**DATA SHOWN:**

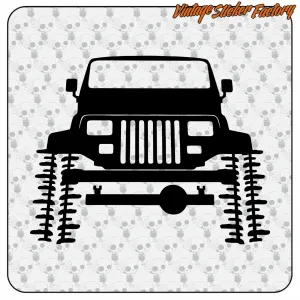 JEEP CRAWLER STICKER. BUY VINYL STICKERS.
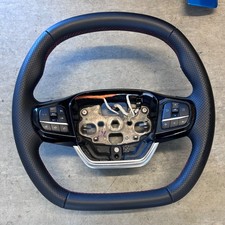 2024-2026 Ford Puma ST Line Leather Steering Wheel (red stitching)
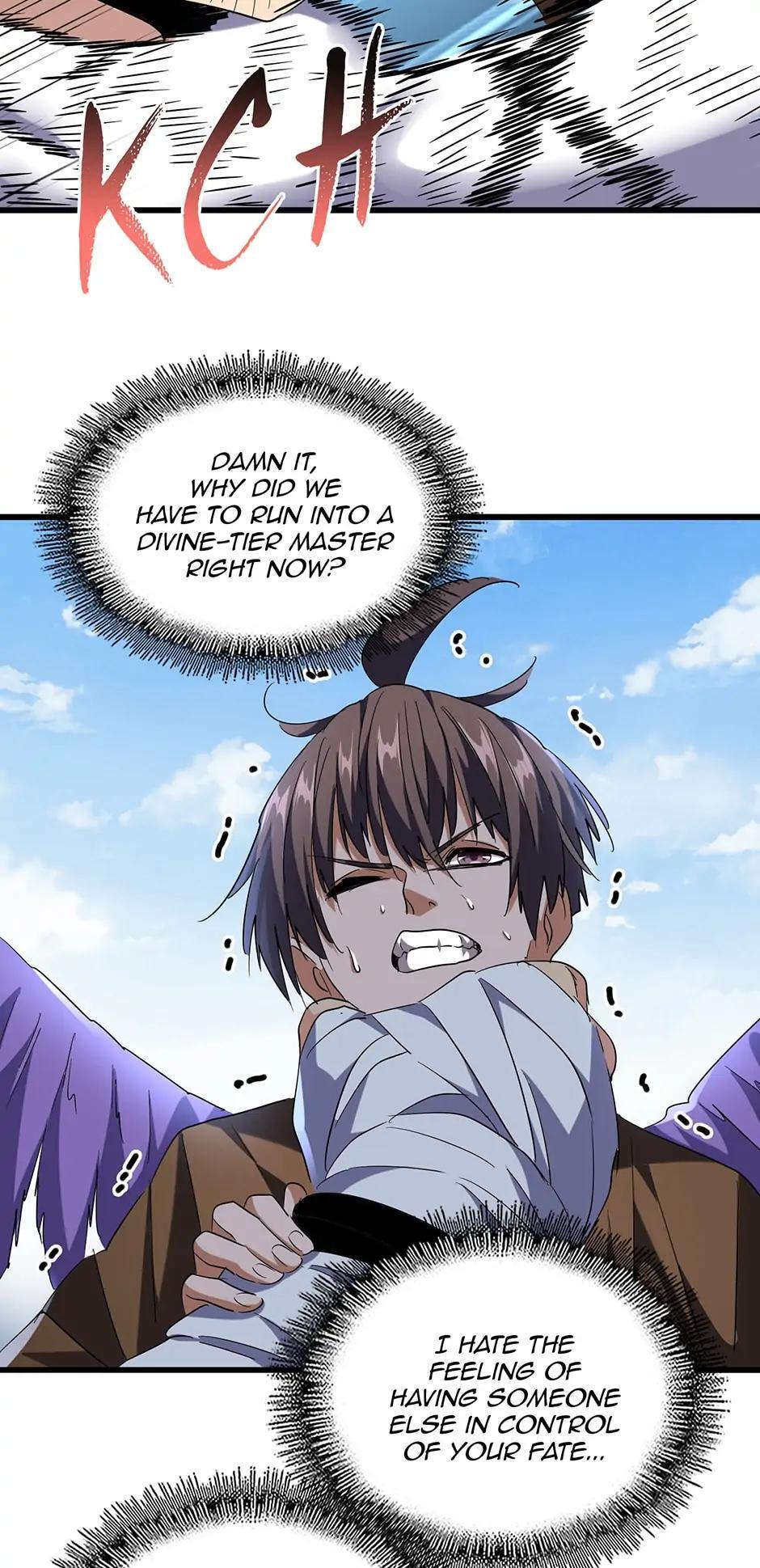 Read The Servant Is the Demon King-! Manga Online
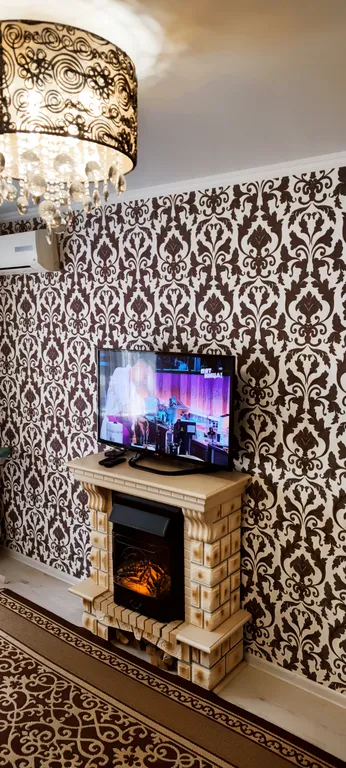 Уютная двухкомнатная квартира между ЖД Вокзалом и Быхановым садом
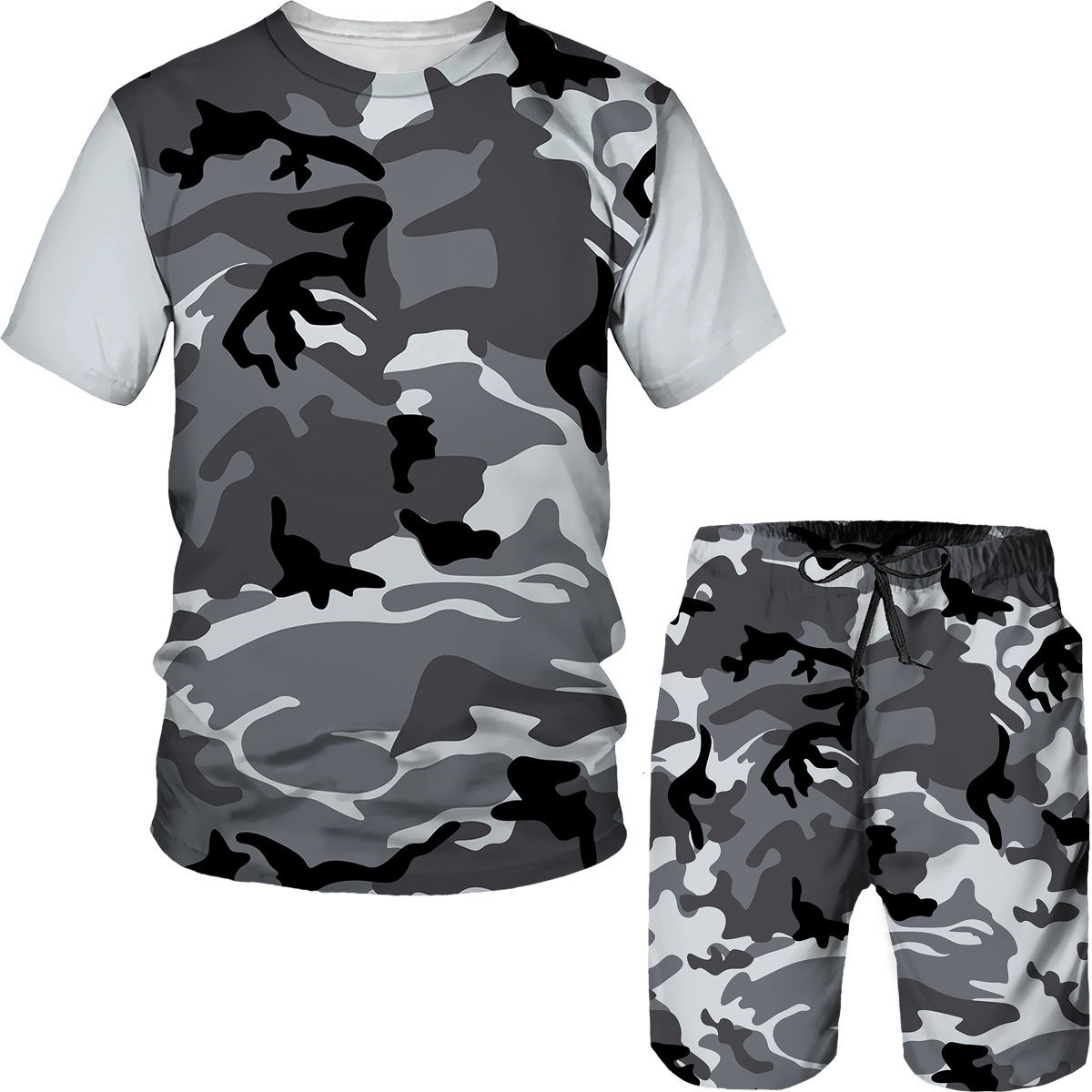 ชุดลายพรางผู้ชาย เสื้อยืดพิมพ์ - 3D Printing Services บทวิจารณ์และราคา
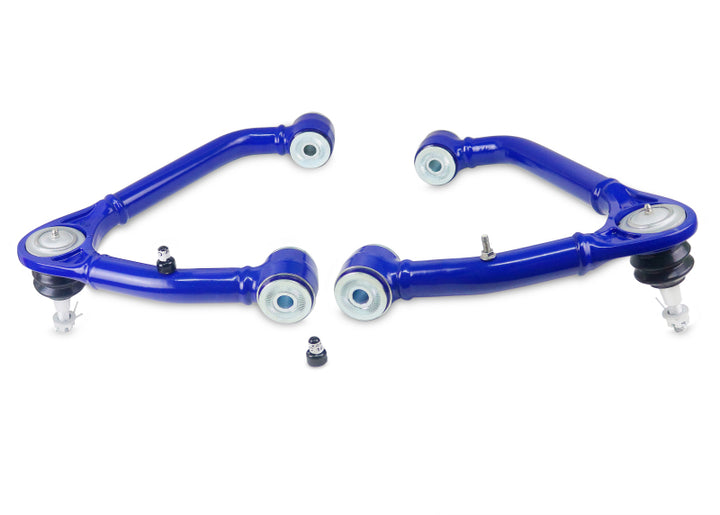 SuperPro 09-18 Chevrolet Silverado 1500 / GMC Sierra 1500 Front Upper Control Arm Set - Premium Control Arms from Superpro - Just 2062.56 SR! Shop now at Motors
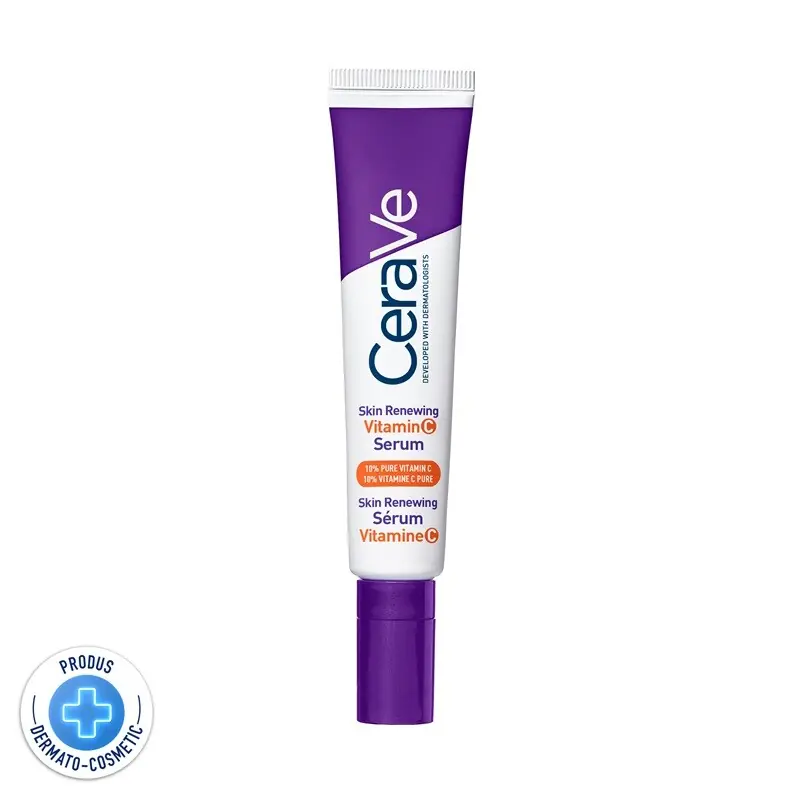 CERAVE SKIN RENEWING VITAMINA C SERUM 30ML Ofertă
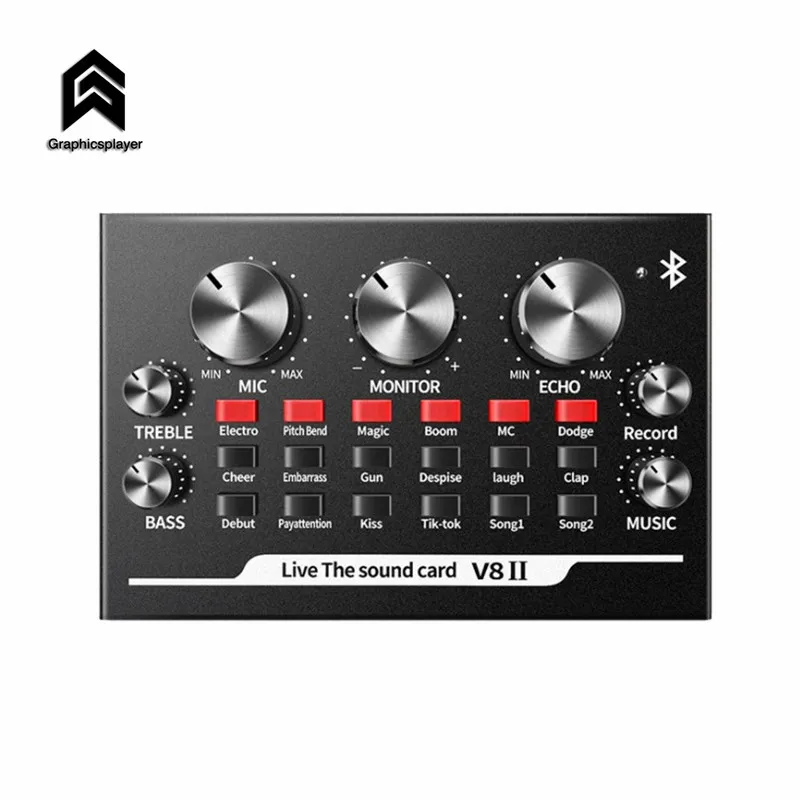 Новая внешняя звуковая карта USB для трансляции видео ПК/Android/OS V82|Звуковые карты| |
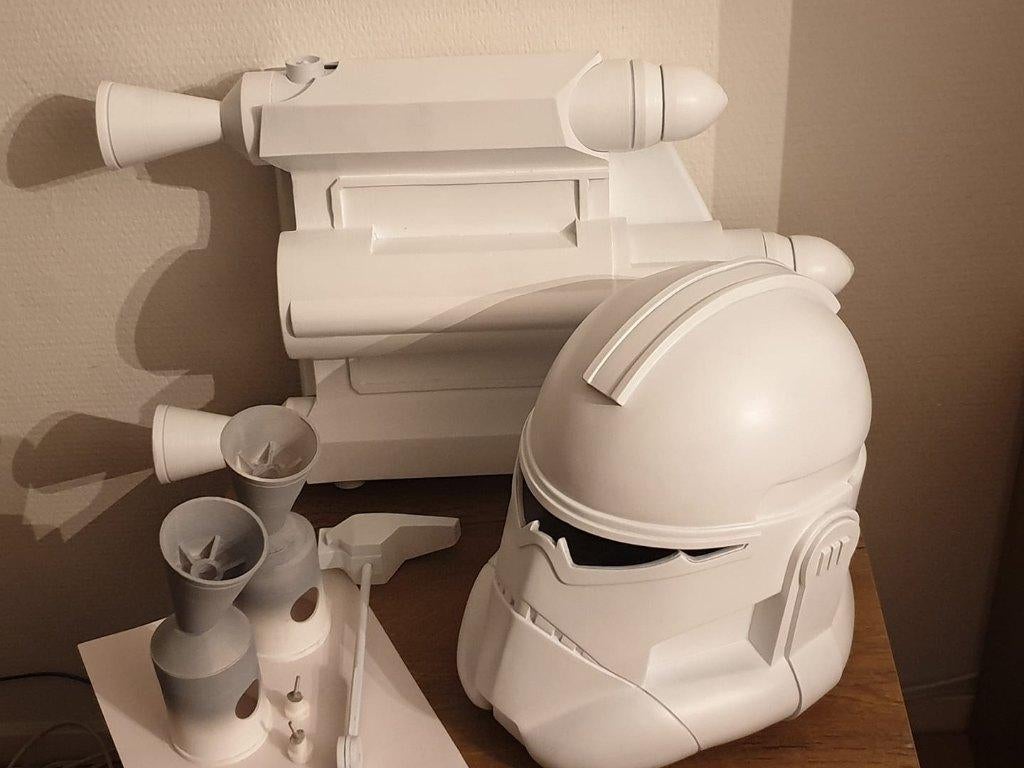 DW-12 en JT-12 Jetpack Star wars, Ophalen of Verzenden, Nieuw, Replica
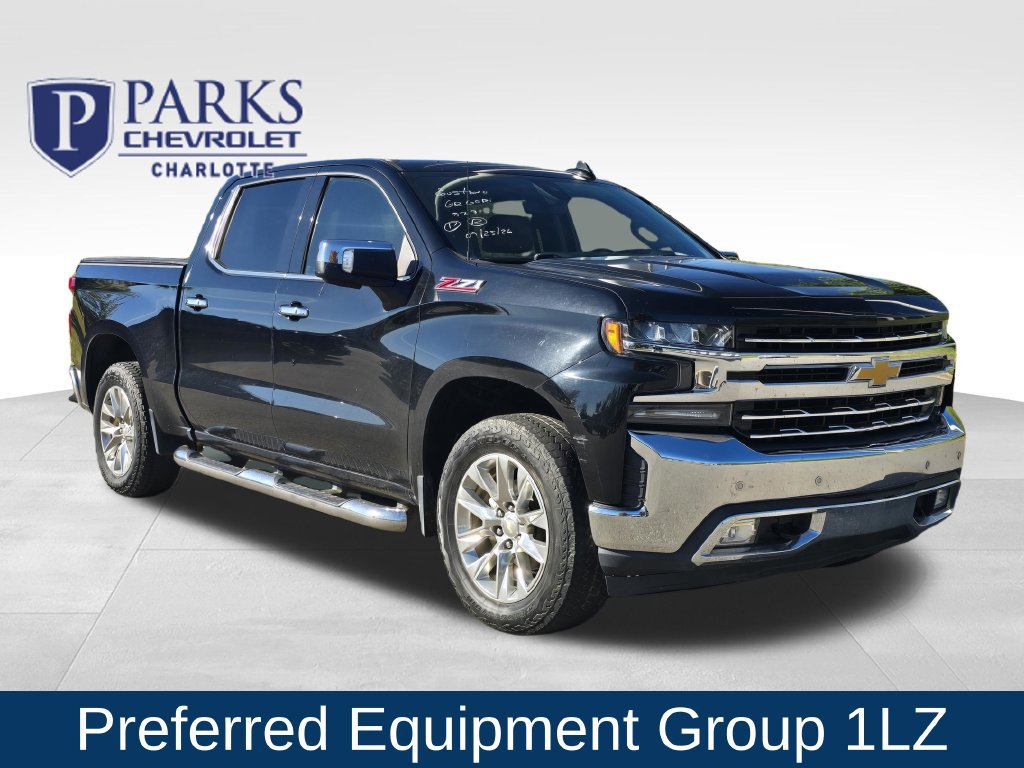 Used 2019 Chevrolet Silverado 1500 LTZ w/ LTZ Premium Package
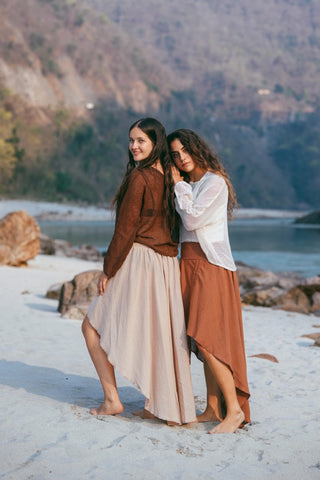 Tawa Crop Top Natural
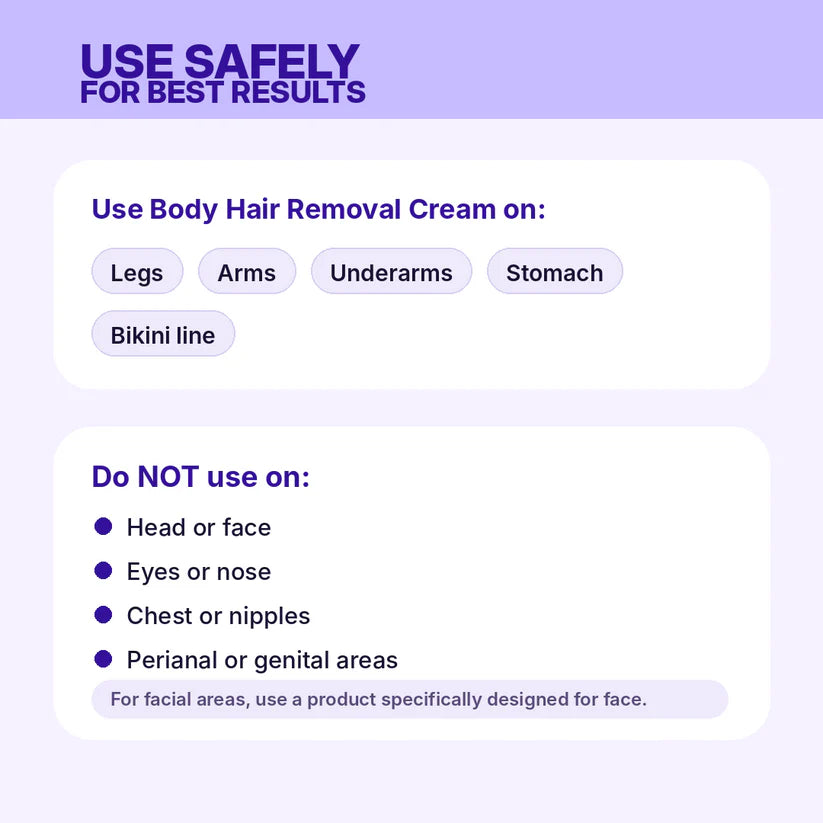 🎉 50% OFF TODAY! | Maiakoo® Body Hair Removal Cream for Sensitive Skin – Smooth Results Up to 7 Days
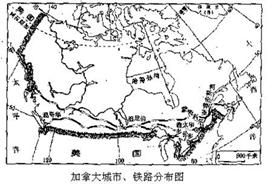 北纬人口集中_加拿大人口集中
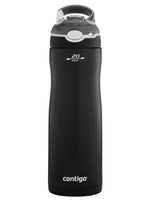 Contigo Ashland Chill - Butelka termiczna na wodę - 590ml - Matte Black - powystawowa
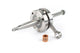 Crankshaft 2Fast 45,8mm stroke / 90mm conrod Minarelli horizontal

**TASK STATEMENT:**
The records above should be returned word for word, with every picture left out.

**SOLUTION TO THIS PROBLEM:**
 JEEP CRAWLER STICKER. BUY VINYL STICKERS.
 2024-2026 Ford Puma ST Line Leather Steering Wheel (red stitching)
 Read The Servant Is the Demon King-! Manga Online
 Уютная двухкомнатная квартира между ЖД Вокзалом и Быхановым садом
 ชุดลายพรางผู้ชาย เสื้อยืดพิมพ์ - 3D Printing Services บทวิจารณ์และราคา
 SuperPro 09-18 Chevrolet Silverado 1500 / GMC Sierra 1500 Front Upper Control Arm Set - Premium Control Arms from Superpro - Just 2062.56 SR! Shop now at Motors
 CERAVE SKIN RENEWING VITAMINA C SERUM 30ML Ofertă
 Новая внешняя звуковая карта USB для трансляции видео ПК/Android/OS V82|Звуковые карты| |
 DW-12 en JT-12 Jetpack Star wars, Ophalen of Verzenden, Nieuw, Replica
 Used 2019 Chevrolet Silverado 1500 LTZ w/ LTZ Premium Package
 Tawa Crop Top Natural
 🎉 50% OFF TODAY! | Maiakoo® Body Hair Removal Cream for Sensitive Skin – Smooth Results Up to 7 Days
 北纬人口集中_加拿大人口集中
 Contigo Ashland Chill - Butelka termiczna na wodę - 590ml - Matte Black - powystawowa
 Crankshaft 2Fast 45,8mm stroke / 90mm conrod Minarelli horizontal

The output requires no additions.